The government’s official gauge of factory activity improved with the manufacturing PMI rising to 49.8, up from August’s three-year low of 49.7 but still marking two straight months of decline. Meanwhile, a private survey by Caixin/Markit revealed PMI fell to a fresh six-and-a-half year low of 47.2, ticking down from August’s reading of 47.3 but still better than an earlier flash estimate of 47.
A big part of this renewed descent is apparently Chinese exports:
Total new work fell at the quickest rate in over three years, partly driven by a steeper fall in new export business, Markit said in a report. As a result, companies cut output at the sharpest rate in six-and-a-half years, while staff numbers fell at the quickest pace since the start of 2009.
US manufacturing declines on “overseas” weakness while Chinese manufacturing declines on “overseas” weakness as if the two economic systems never deal with each other, only the same, non-specific “global economy” that doesn’t somehow count either of them within its growing malaise? It seems far more likely, beyond a doubt, actually, that with the amount of trade between them (especially from China to the US) if Chinese manufacturing is declining than US “demand” is a problem.
Any chronology of China’s post-Great Recession descent follows exactly that relationship. US economists are quick to assert a break, where the US economy has surged since the unemployment rate is so low but China’s economy, which certainly feels instead the effects of the denominator in the unemployment rate as much if not more so now than the statistical outlet of the numerator, begs to differ.

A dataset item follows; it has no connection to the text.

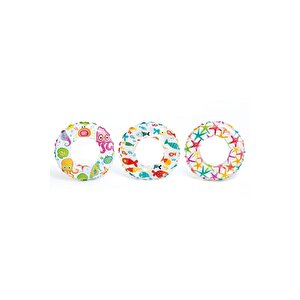 Baskılı Yüzme Havuz Deniz Simit 51 Cm (3-6 Yaş) Is59230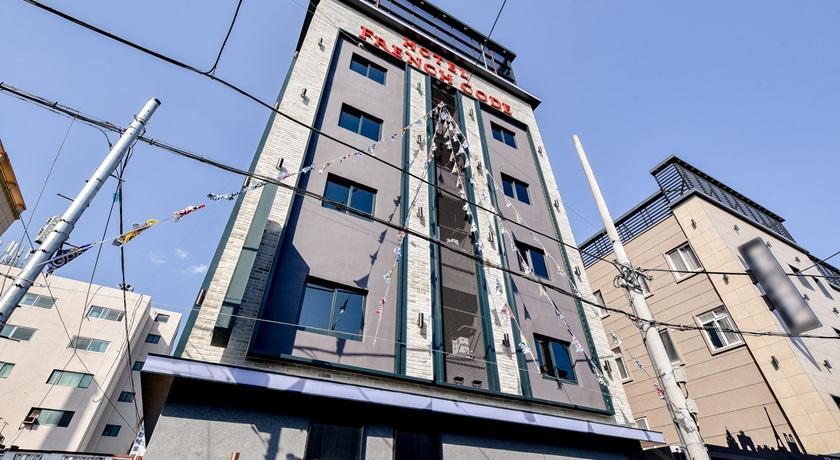 French Code Hotel Changwon Dış mekan fotoğraf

Starting at the trough of the Great Recession, all economic expectations here and abroad were based upon Milton Friedman’s plucking model – the beautiful symmetry of the V-shaped recovery. There were no suggestions of long-term difficulties or structural problems in the orthodox view of even the panic, so every central bank around the world engaged “stimulus” (combined with various fiscal attempts) to bridge the gap between the deep recession and the expected handoff to an organic, symmetrical recovery. In China, those efforts were greater than most, both monetary and fiscal, as the entire marginal economy had come to service the export-driven emphasis.
Thus, in China’s view of the Great Recession, industrial production followed US import activity but fixed asset investment was mostly stabilized (“stimulus” at “work”).

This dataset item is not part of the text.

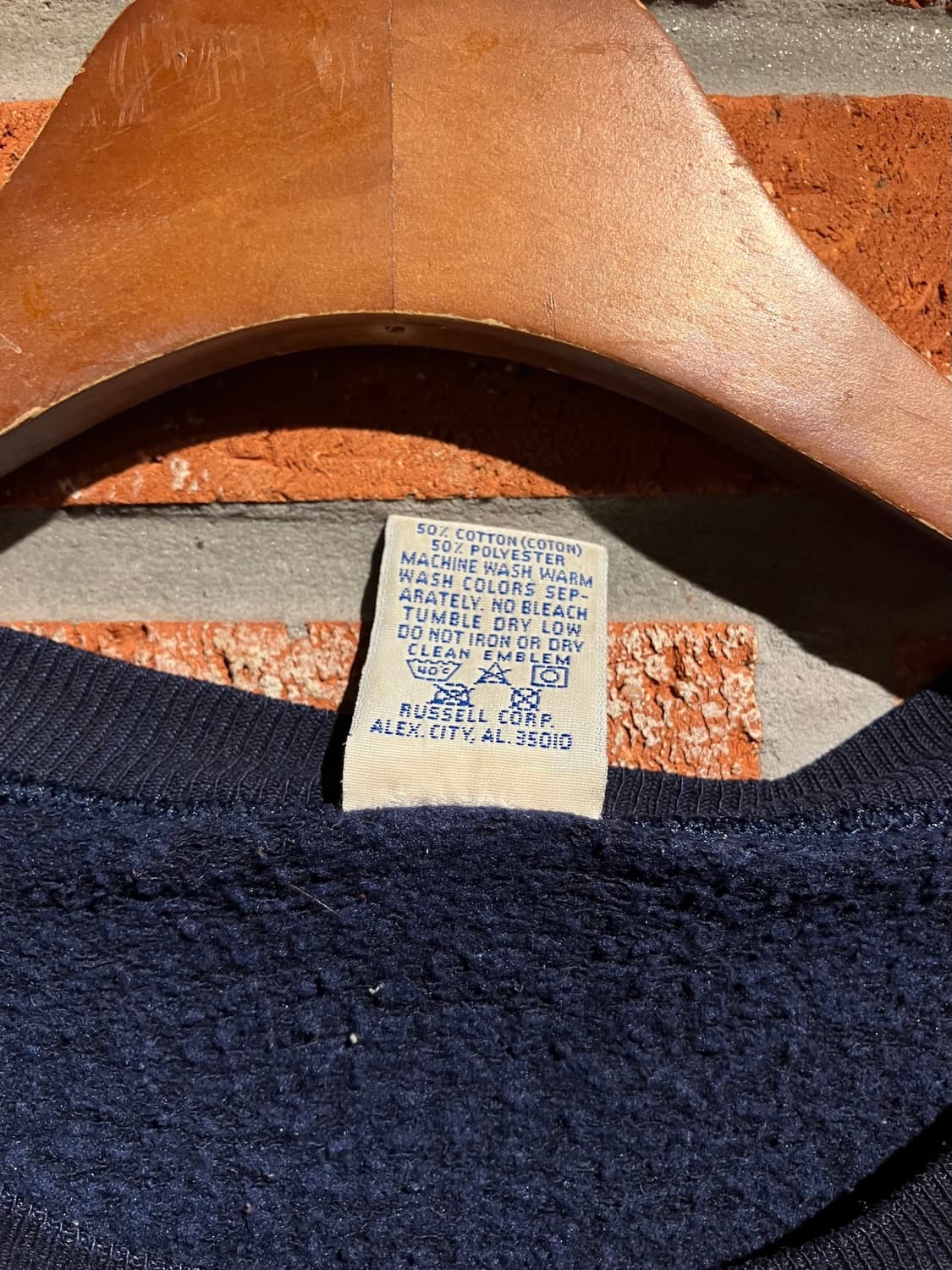 90s USA 빈티지 러셀 스웻 셔츠 맨투맨 상품이미지7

Despite renewed financial doubts in 2010, everything seemed to be working as intended and expected; not just in China, but globally. By early 2011, there was confidence enough to actually unwind (especially Europe and China).
But those financial irregularities suddenly and “unexpectedly” turned into economic retrenchment by early 2012. So central banks did what they are “supposed to” and renewed all the “stimulus.” China’s government unleashed a massive spending program (RMB 1 trillion) while the PBOC aided in outward rate cuts and more directed “easing” aimed at a general flooding of financial conduits. The US Federal Reserve, for its part, engaged more QE, a third then a fourth in quick succession. All of it aimed, as that in 2009, to restore these economic channels to 2007 levels; and it was assumed that everything would follow since this was, as the Great Recession, viewed as another temporary deviation from the plucking trend.

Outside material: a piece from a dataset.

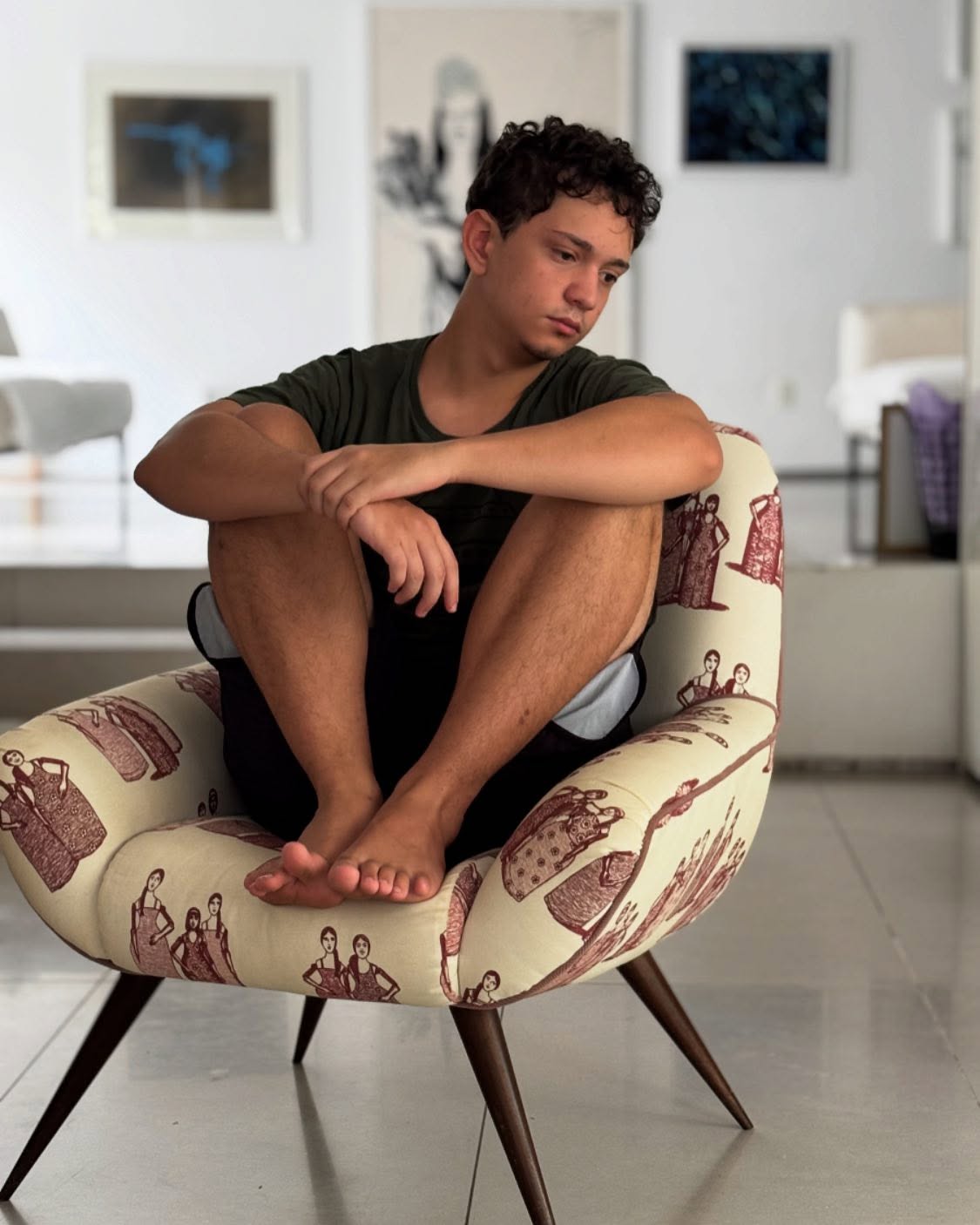 Tito Coimbra — Foto: Reprodução/Instagram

It did not work anywhere. China was the first to figure out, after two huge tries, that it would never work and getting back to 2007 was no longer possible for the global (and US) economy. Because its imbalances were so large, and bubbles so dangerous, it did not have the luxury of hanging on several more years to see if it all might come together at some point. The irregularity of the European and US economies since 2012 were just more confirmation for the theoretical motivation of this new “reform” agenda.
For China, reform means letting the economy go where it may while focusing as much effort as possible on potentially managing a financial reversion that hopefully does not end in total financial (and economic) disaster. While that is China’s end of the problem, it must be emphasized that it begins with the US’s distinct and continued lack of “demand” quite apart from what is suggested by the Fed’s public statements (though confirmed increasingly by its contradictory inaction).
Without either US growth or internal “stimulus” pushing further bubble imbalance, the Chinese economy is winding down toward an unknown but likely dangerous fate. Since so much of the rest of the global economy is tied in with China as the manufacturing nexus between resources (EM’s) and end markets (US, Europe), this succumbing to economic reality is the pivot between US economic decline and the world’s; their economic trouble is our economic trouble, both cause and reverberating effects.
All that is left is to assign a single cause for the second deviation (which is really the same as the first); something powerful enough to burn to ashes all the massive monetary attempts the world over.